While Grey Wolf, Inc. (GW) reported in line second-quarter 2008 earnings, the more significant event is the termination of its merger agreement with Basic Energy Services Inc. (BAS) due to shareholder rejection. We think that this will bring back the focus to Precision Drilling Trust's (PDS) bid for the company, which overtime may become an attractive alternative.
On the quarterly results front, earnings were down from the year before, but the outlook continues to improve. This is reflected in the company's ramped-up capital budget. With higher commodity prices and increased demand for domestic land drilling rigs, customer interest in new long-term contracts and renewals continues to strengthen.
During the quarter, gross profit declined nearly 9% year-over-year to $86.8 million, while gross margin declined approximately 180 basis points from the year-ago level to 40%. Grey Wolf's DD&A expenses increased nearly 21% year-over-year, reflecting the increase in the size of the company's rig fleet.
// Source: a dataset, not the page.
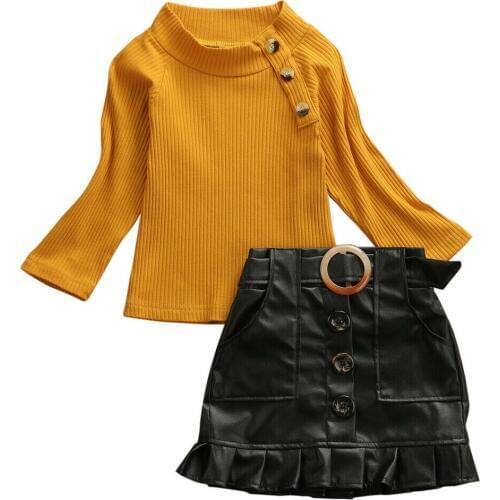 1-6Y Toddler Kid Baby Girl Clothes Set Knitted Long Sleeve T Shirt Tops+Ruffles Pu Leather Skirt Autumn Winter Kid Girl Costumes
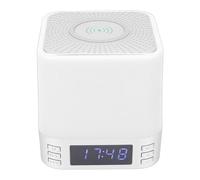 Jectse Alarm Clock Speaker Wireless Charger, Ambient Night Light White Noise Machine, Sleep Sound Timer Therapy for Kids Adults Sleeping Bedroom (Silver)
For the third quarter of 2008, management expects fleet size to average 108 to 111 working rigs, with seven to nine rigs performing turnkey services. Average daywork EBITDA per rig-day is expected to increase by $400-600 in relation to the second-quarter of 2008, reflecting continuous improvement in the company's markets. The company expects an approximately $0.05 per diluted share pre-tax charge in the third quarter for shareholder vote and termination of the proposed merger with Basic Energy Services.